◆ **What you should do**
Here are the records. Print them all exactly.

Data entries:

BEGIN

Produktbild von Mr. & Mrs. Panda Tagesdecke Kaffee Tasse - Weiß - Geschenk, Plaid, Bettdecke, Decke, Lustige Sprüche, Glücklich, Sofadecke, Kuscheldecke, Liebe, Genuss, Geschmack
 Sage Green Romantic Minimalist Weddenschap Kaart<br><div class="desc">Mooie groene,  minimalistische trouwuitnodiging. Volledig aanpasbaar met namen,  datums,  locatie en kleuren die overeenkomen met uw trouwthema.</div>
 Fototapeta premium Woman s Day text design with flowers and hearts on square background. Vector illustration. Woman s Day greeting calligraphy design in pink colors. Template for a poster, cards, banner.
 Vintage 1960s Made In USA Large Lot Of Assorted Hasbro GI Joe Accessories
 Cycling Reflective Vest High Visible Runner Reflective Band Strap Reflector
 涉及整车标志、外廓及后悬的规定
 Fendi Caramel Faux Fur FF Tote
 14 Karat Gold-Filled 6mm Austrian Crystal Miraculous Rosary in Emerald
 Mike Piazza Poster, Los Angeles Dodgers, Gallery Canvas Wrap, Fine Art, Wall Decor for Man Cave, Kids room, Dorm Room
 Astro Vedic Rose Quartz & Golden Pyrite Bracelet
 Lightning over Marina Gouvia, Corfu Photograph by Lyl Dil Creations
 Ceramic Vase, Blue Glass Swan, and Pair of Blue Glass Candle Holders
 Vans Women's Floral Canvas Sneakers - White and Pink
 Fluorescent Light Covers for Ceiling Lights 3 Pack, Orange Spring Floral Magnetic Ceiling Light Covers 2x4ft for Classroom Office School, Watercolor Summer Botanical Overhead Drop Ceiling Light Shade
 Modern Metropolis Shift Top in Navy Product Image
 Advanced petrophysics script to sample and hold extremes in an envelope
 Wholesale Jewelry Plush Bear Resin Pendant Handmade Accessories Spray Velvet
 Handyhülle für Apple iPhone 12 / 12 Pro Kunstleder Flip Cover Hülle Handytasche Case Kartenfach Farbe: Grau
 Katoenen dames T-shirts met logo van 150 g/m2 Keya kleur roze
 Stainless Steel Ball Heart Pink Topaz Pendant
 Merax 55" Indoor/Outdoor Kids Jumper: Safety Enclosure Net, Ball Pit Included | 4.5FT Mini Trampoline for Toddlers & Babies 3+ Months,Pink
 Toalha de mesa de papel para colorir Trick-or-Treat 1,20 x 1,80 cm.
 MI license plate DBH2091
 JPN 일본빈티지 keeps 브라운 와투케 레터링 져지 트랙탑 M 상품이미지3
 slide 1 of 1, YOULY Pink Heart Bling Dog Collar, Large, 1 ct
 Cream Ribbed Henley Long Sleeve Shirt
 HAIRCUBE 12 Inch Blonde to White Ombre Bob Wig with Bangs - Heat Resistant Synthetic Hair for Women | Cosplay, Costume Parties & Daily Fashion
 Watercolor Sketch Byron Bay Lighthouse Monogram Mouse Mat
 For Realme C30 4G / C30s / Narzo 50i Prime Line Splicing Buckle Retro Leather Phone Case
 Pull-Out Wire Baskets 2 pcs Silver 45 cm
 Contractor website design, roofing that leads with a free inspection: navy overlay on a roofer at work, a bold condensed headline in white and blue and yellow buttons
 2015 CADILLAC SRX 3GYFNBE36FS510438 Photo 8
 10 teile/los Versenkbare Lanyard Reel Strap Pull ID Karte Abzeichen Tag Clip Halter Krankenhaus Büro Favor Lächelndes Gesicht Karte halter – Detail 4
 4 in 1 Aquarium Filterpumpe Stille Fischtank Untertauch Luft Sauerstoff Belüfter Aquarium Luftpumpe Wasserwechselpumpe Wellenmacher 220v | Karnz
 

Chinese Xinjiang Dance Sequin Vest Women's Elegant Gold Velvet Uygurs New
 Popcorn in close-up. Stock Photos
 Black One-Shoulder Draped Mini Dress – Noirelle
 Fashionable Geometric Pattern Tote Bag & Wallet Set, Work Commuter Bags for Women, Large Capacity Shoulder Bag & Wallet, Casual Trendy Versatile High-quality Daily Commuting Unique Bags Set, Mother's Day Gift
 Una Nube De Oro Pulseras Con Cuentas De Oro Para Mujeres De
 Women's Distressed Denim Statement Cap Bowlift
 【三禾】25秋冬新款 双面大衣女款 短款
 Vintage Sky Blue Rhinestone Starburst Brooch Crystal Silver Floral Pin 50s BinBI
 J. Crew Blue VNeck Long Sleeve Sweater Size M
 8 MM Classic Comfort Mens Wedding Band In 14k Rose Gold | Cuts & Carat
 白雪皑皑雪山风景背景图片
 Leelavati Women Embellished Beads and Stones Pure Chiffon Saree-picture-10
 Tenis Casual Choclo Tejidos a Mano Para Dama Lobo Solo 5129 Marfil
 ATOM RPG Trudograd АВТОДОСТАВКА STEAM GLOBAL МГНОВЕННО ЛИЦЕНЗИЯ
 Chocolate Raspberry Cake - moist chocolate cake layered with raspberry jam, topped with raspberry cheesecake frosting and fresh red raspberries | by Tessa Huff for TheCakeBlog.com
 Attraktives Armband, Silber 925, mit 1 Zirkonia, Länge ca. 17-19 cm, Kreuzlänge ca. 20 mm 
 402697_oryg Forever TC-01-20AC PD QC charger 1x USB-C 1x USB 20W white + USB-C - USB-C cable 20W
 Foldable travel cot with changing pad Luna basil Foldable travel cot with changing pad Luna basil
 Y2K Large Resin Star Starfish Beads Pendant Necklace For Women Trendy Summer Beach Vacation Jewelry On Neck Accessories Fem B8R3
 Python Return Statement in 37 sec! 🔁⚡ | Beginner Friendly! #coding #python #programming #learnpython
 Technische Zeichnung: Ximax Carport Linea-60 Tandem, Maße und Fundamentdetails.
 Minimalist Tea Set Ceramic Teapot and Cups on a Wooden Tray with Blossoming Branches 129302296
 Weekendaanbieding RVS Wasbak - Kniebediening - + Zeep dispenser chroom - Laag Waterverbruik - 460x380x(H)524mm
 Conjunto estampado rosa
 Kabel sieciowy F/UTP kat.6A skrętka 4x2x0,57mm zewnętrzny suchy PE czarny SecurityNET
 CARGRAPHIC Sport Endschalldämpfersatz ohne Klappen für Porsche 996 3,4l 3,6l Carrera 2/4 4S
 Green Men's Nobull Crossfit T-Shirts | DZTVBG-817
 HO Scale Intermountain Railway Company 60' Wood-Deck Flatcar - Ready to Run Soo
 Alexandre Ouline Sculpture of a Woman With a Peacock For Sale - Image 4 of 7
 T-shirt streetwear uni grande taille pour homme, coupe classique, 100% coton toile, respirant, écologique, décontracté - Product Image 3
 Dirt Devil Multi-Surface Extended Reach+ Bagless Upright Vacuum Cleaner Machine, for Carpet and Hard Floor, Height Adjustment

END

◆ **Task result**
Produktbild von Mr. & Mrs. Panda Tagesdecke Kaffee Tasse - Weiß - Geschenk, Plaid, Bettdecke, Decke, Lustige Sprüche, Glücklich, Sofadecke, Kuscheldecke, Liebe, Genuss, Geschmack
 Sage Green Romantic Minimalist Weddenschap Kaart<br><div class="desc">Mooie groene,  minimalistische trouwuitnodiging. Volledig aanpasbaar met namen,  datums,  locatie en kleuren die overeenkomen met uw trouwthema.</div>
 Fototapeta premium Woman s Day text design with flowers and hearts on square background. Vector illustration. Woman s Day greeting calligraphy design in pink colors. Template for a poster, cards, banner.
 Vintage 1960s Made In USA Large Lot Of Assorted Hasbro GI Joe Accessories
 Cycling Reflective Vest High Visible Runner Reflective Band Strap Reflector
 涉及整车标志、外廓及后悬的规定
 Fendi Caramel Faux Fur FF Tote
 14 Karat Gold-Filled 6mm Austrian Crystal Miraculous Rosary in Emerald
 Mike Piazza Poster, Los Angeles Dodgers, Gallery Canvas Wrap, Fine Art, Wall Decor for Man Cave, Kids room, Dorm Room
 Astro Vedic Rose Quartz & Golden Pyrite Bracelet
 Lightning over Marina Gouvia, Corfu Photograph by Lyl Dil Creations
 Ceramic Vase, Blue Glass Swan, and Pair of Blue Glass Candle Holders
 Vans Women's Floral Canvas Sneakers - White and Pink
 Fluorescent Light Covers for Ceiling Lights 3 Pack, Orange Spring Floral Magnetic Ceiling Light Covers 2x4ft for Classroom Office School, Watercolor Summer Botanical Overhead Drop Ceiling Light Shade
 Modern Metropolis Shift Top in Navy Product Image
 Advanced petrophysics script to sample and hold extremes in an envelope
 Wholesale Jewelry Plush Bear Resin Pendant Handmade Accessories Spray Velvet
 Handyhülle für Apple iPhone 12 / 12 Pro Kunstleder Flip Cover Hülle Handytasche Case Kartenfach Farbe: Grau
 Katoenen dames T-shirts met logo van 150 g/m2 Keya kleur roze
 Stainless Steel Ball Heart Pink Topaz Pendant
 Merax 55" Indoor/Outdoor Kids Jumper: Safety Enclosure Net, Ball Pit Included | 4.5FT Mini Trampoline for Toddlers & Babies 3+ Months,Pink
 Toalha de mesa de papel para colorir Trick-or-Treat 1,20 x 1,80 cm.
 MI license plate DBH2091
 JPN 일본빈티지 keeps 브라운 와투케 레터링 져지 트랙탑 M 상품이미지3
 slide 1 of 1, YOULY Pink Heart Bling Dog Collar, Large, 1 ct
 Cream Ribbed Henley Long Sleeve Shirt
 HAIRCUBE 12 Inch Blonde to White Ombre Bob Wig with Bangs - Heat Resistant Synthetic Hair for Women | Cosplay, Costume Parties & Daily Fashion
 Watercolor Sketch Byron Bay Lighthouse Monogram Mouse Mat
 For Realme C30 4G / C30s / Narzo 50i Prime Line Splicing Buckle Retro Leather Phone Case
 Pull-Out Wire Baskets 2 pcs Silver 45 cm
 Contractor website design, roofing that leads with a free inspection: navy overlay on a roofer at work, a bold condensed headline in white and blue and yellow buttons
 2015 CADILLAC SRX 3GYFNBE36FS510438 Photo 8
 10 teile/los Versenkbare Lanyard Reel Strap Pull ID Karte Abzeichen Tag Clip Halter Krankenhaus Büro Favor Lächelndes Gesicht Karte halter – Detail 4
 4 in 1 Aquarium Filterpumpe Stille Fischtank Untertauch Luft Sauerstoff Belüfter Aquarium Luftpumpe Wasserwechselpumpe Wellenmacher 220v | Karnz
 

Chinese Xinjiang Dance Sequin Vest Women's Elegant Gold Velvet Uygurs New
 Popcorn in close-up. Stock Photos
 Black One-Shoulder Draped Mini Dress – Noirelle
 Fashionable Geometric Pattern Tote Bag & Wallet Set, Work Commuter Bags for Women, Large Capacity Shoulder Bag & Wallet, Casual Trendy Versatile High-quality Daily Commuting Unique Bags Set, Mother's Day Gift
 Una Nube De Oro Pulseras Con Cuentas De Oro Para Mujeres De
 Women's Distressed Denim Statement Cap Bowlift
 【三禾】25秋冬新款 双面大衣女款 短款
 Vintage Sky Blue Rhinestone Starburst Brooch Crystal Silver Floral Pin 50s BinBI
 J. Crew Blue VNeck Long Sleeve Sweater Size M
 8 MM Classic Comfort Mens Wedding Band In 14k Rose Gold | Cuts & Carat
 白雪皑皑雪山风景背景图片
 Leelavati Women Embellished Beads and Stones Pure Chiffon Saree-picture-10
 Tenis Casual Choclo Tejidos a Mano Para Dama Lobo Solo 5129 Marfil
 ATOM RPG Trudograd АВТОДОСТАВКА STEAM GLOBAL МГНОВЕННО ЛИЦЕНЗИЯ
 Chocolate Raspberry Cake - moist chocolate cake layered with raspberry jam, topped with raspberry cheesecake frosting and fresh red raspberries | by Tessa Huff for TheCakeBlog.com
 Attraktives Armband, Silber 925, mit 1 Zirkonia, Länge ca. 17-19 cm, Kreuzlänge ca. 20 mm 
 402697_oryg Forever TC-01-20AC PD QC charger 1x USB-C 1x USB 20W white + USB-C - USB-C cable 20W
 Foldable travel cot with changing pad Luna basil Foldable travel cot with changing pad Luna basil
 Y2K Large Resin Star Starfish Beads Pendant Necklace For Women Trendy Summer Beach Vacation Jewelry On Neck Accessories Fem B8R3
 Python Return Statement in 37 sec! 🔁⚡ | Beginner Friendly! #coding #python #programming #learnpython
 Technische Zeichnung: Ximax Carport Linea-60 Tandem, Maße und Fundamentdetails.
 Minimalist Tea Set Ceramic Teapot and Cups on a Wooden Tray with Blossoming Branches 129302296
 Weekendaanbieding RVS Wasbak - Kniebediening - + Zeep dispenser chroom - Laag Waterverbruik - 460x380x(H)524mm
 Conjunto estampado rosa
 Kabel sieciowy F/UTP kat.6A skrętka 4x2x0,57mm zewnętrzny suchy PE czarny SecurityNET
 CARGRAPHIC Sport Endschalldämpfersatz ohne Klappen für Porsche 996 3,4l 3,6l Carrera 2/4 4S
 Green Men's Nobull Crossfit T-Shirts | DZTVBG-817
 HO Scale Intermountain Railway Company 60' Wood-Deck Flatcar - Ready to Run Soo
 Alexandre Ouline Sculpture of a Woman With a Peacock For Sale - Image 4 of 7
 T-shirt streetwear uni grande taille pour homme, coupe classique, 100% coton toile, respirant, écologique, décontracté - Product Image 3
 Dirt Devil Multi-Surface Extended Reach+ Bagless Upright Vacuum Cleaner Machine, for Carpet and Hard Floor, Height Adjustment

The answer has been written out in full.